Nextflow with Azure batch appears to fail when reading from multiple containers #5448

@zjupNN

Description

@zjupNN

Bug report

Nextflow with Azure batch appears to fail when reading from multiple containers. The files are reported by processes as not existing, and .fusion.log contains messages about 403 authentication errors. This is apparently similar to a previously fixed issue, but persists in 24.10.0, so it may be a different cause?

See also discussion on Slack.

Expected behavior and actual behavior

We expected that it was possible to read form multiple Azure containers in the same workflow; it seems not to be.

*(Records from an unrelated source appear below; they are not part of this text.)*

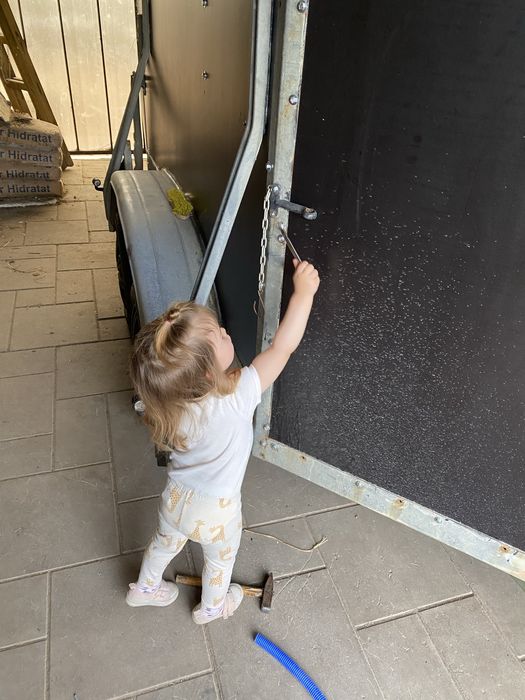 Remorca 2 cai animale transport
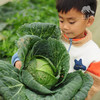 生态包菜 | 绿家自产*ecological cabbage | Self-production 商品缩略图2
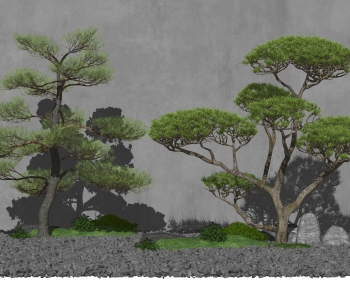 新中式景观树 造型罗汉松-ID:930555119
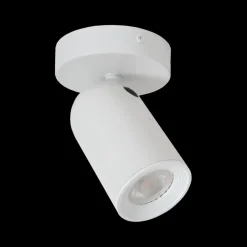 Plafondspot PUNCH 1Del. Wit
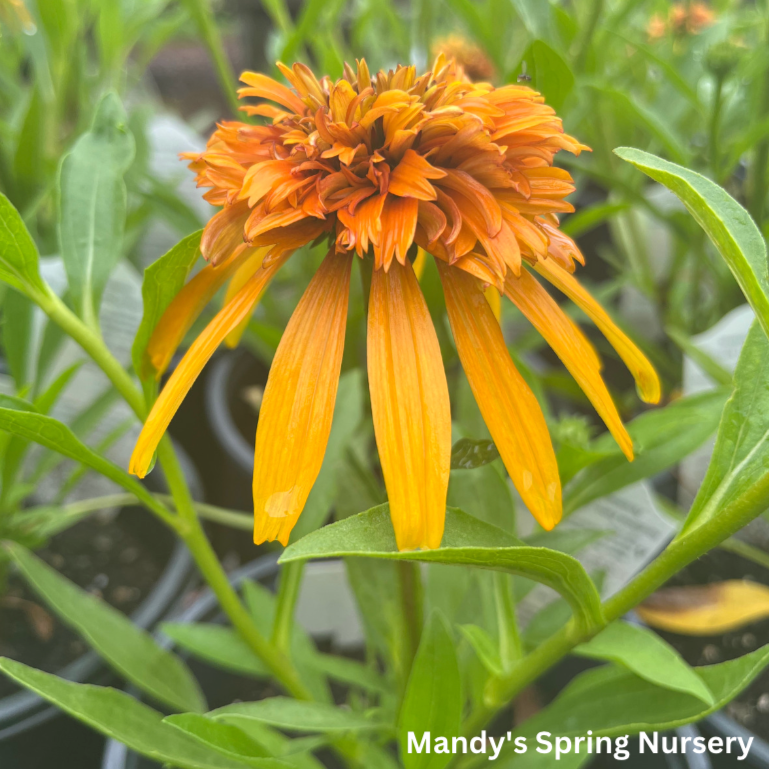 Marmalade Coneflower | Echinacea x hybrida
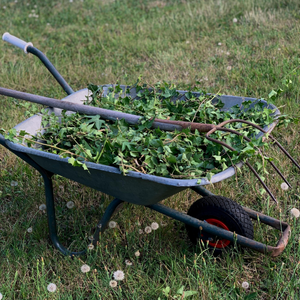 wheelbarrow filled with vines
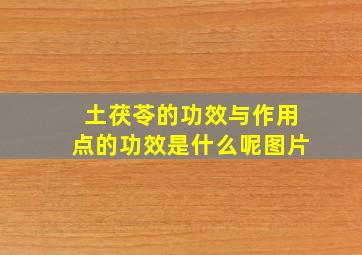 土茯苓的功效与作用点的功效是什么呢图片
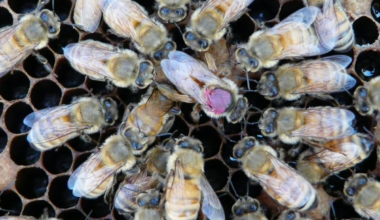 Hive mind: how bees clear colony chemicals
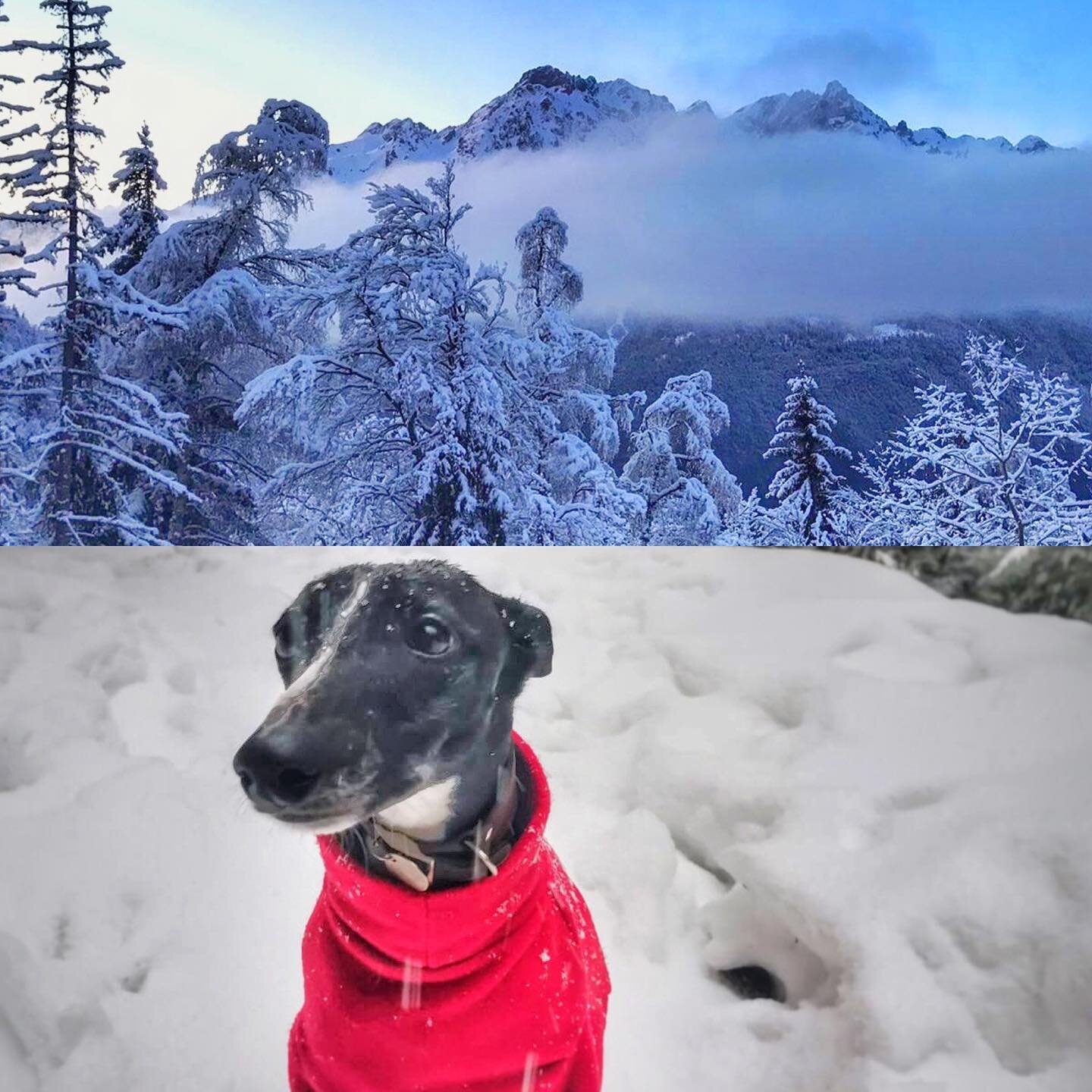 It&rsquo;s been a little while and a lot has changed ! We look to the winter watching, wishing and remaining hopeful that we can once again all enjoy some time in the mountains. We hope to be more active on here in the coming weeks as we navigate the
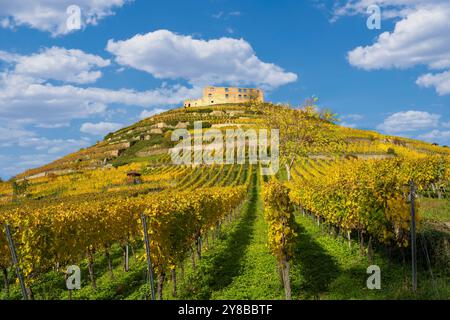 Splendido paesaggio delle rovine del castello di Staufen im Breisgau con i vigneti in splendidi colori autunnali in primo piano Foto Stock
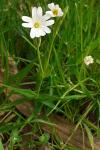 Rabelera holostea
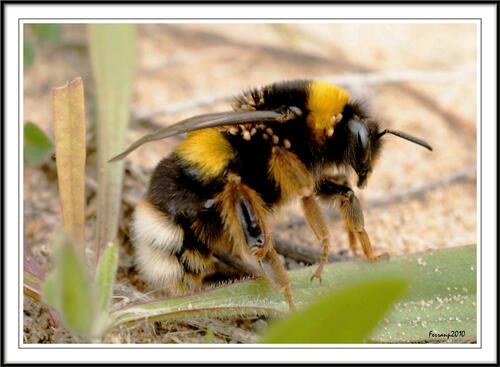 Buff-tailed Bumble Bee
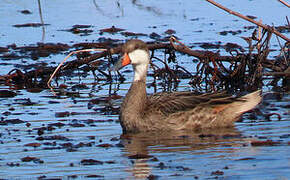 White-cheeked Pintail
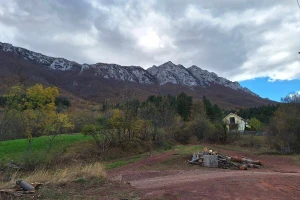 Ono što se nekada gajilo u nizijama, sada uspeva u planinskim područijima - kako to?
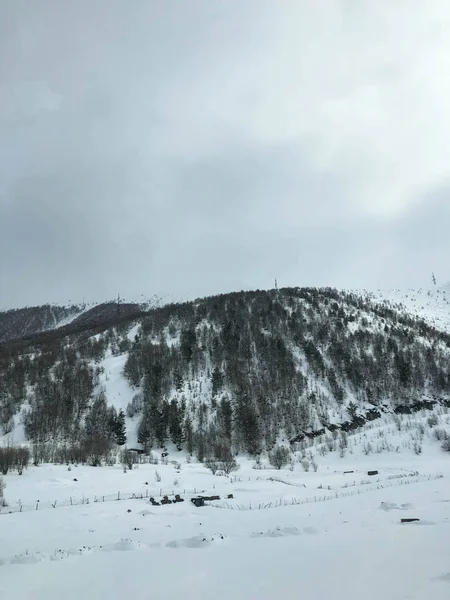 美丽的高山寒冷冬季度假胜地，高山最高峰，薄雾，白雪覆盖岩石，在蓝天滑雪板上滑行 — 图库照片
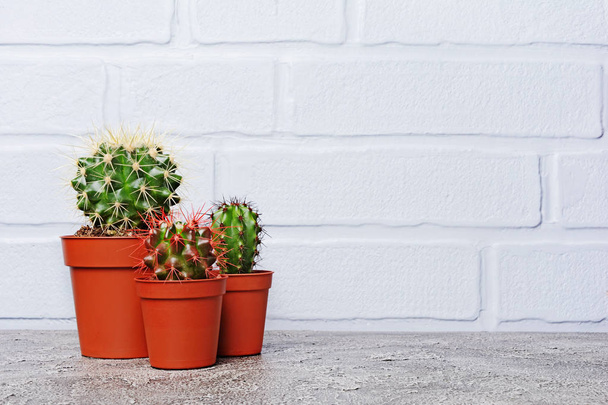 Small cacti in red flower pot with copy space on gray concrete and brick wall background - Fotografie, Obrázek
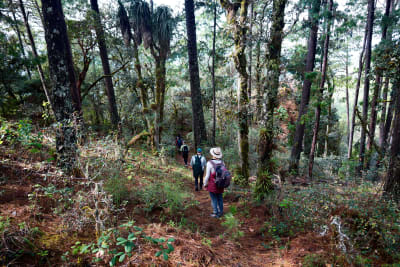 Oaxacan Mountain Metamorphosis Hike 2D/1N - 46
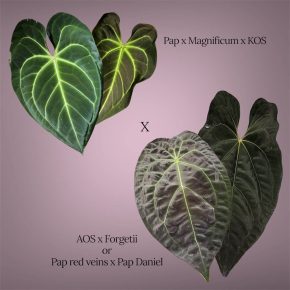 Semenáčky Anthurium [(Papillilaminum x Magnificum x KOS) x Crystallinum A] x (AOS x Forgeti)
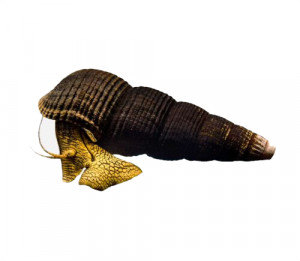 Caracol Conejo Amarillo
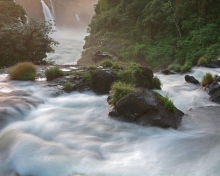 Das Tropical Forest Waterfall Wallpaper 220x176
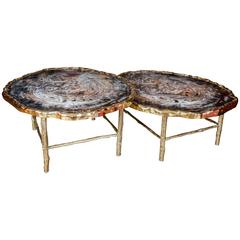 Pair of Petrified Wood Low Tables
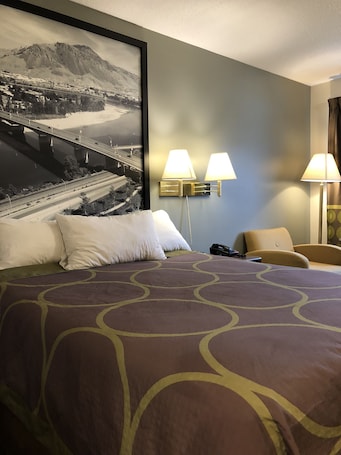 Escritorio, sistema de insonorización, wifi gratis y ropa de cama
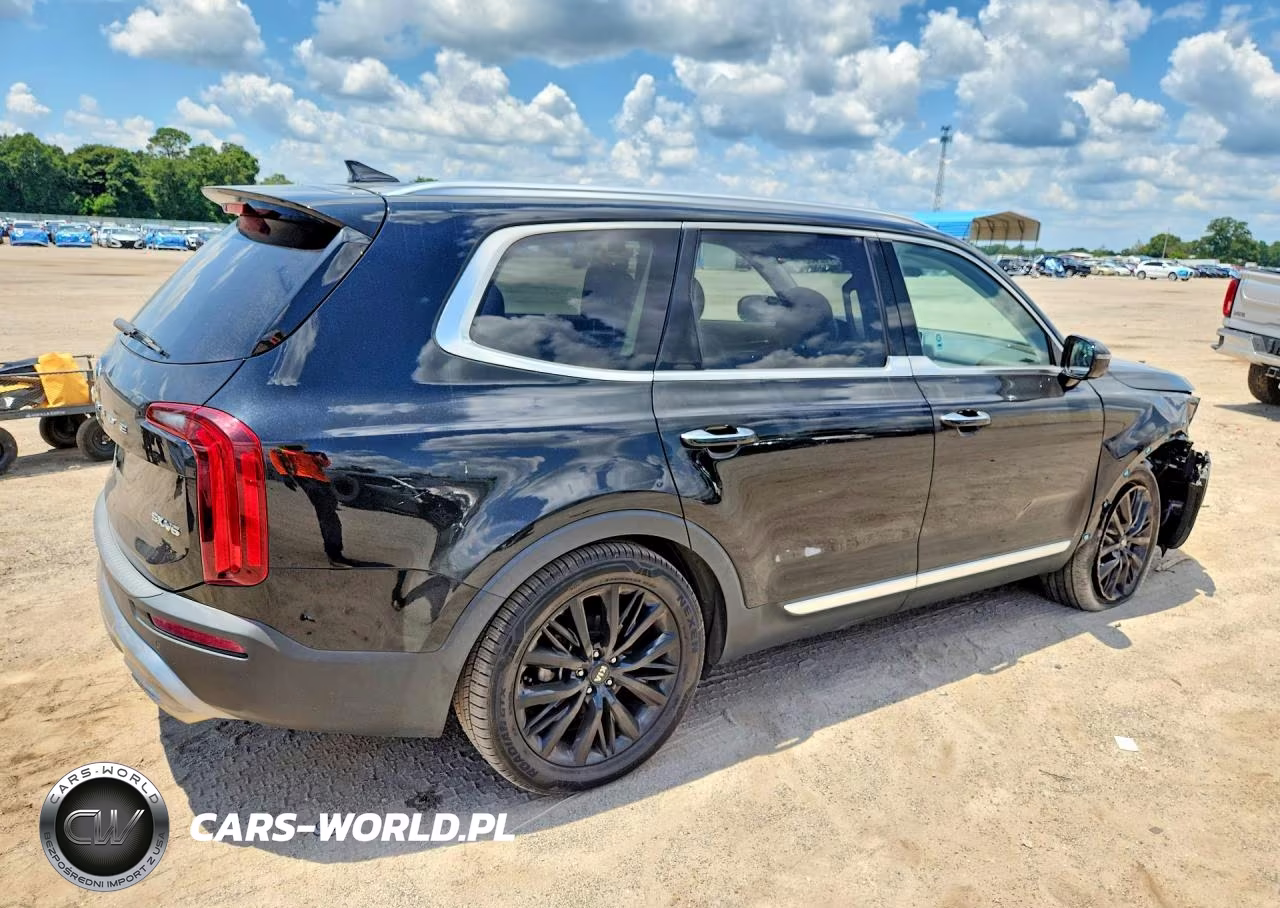 2020 Kia Telluride Sx VIN:5XYP54HC6LG084040 - 3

Steps to reproduce the problem

Here is a small workflow to illustrate the problem:

process multi {
  conda "conda-forge::gawk"

  input:
  path(p1)
  path(p2)

  output:
  path("both.txt")

  """
  cat ${p1} ${p2} > both.txt
  """
}

workflow {
  p1 = Channel.fromPath(params.p1)
  p2 = Channel.fromPath(params.p2)
  multi(p1, p2)
}

Running

nextflow run main.nf \
  -profile azure_batch \
  -w az://output/multi \
  --p1 az://input1/foo.txt \
  --p2 az://input2/bar.txt

fails, whereas

nextflow run main.nf \
  -profile azure_batch \
  -w az://output/multi \
  --p1 az://output/foo.txt \
  --p2 az://output/bar.txt

works fine.

The config in question, containing the azure_batch profile (with some redacted info):

nextflow.enable.moduleBinaries = true

process {
    resourceLimits = [ cpus: 128, memory: 200.GB, time: 24.h ]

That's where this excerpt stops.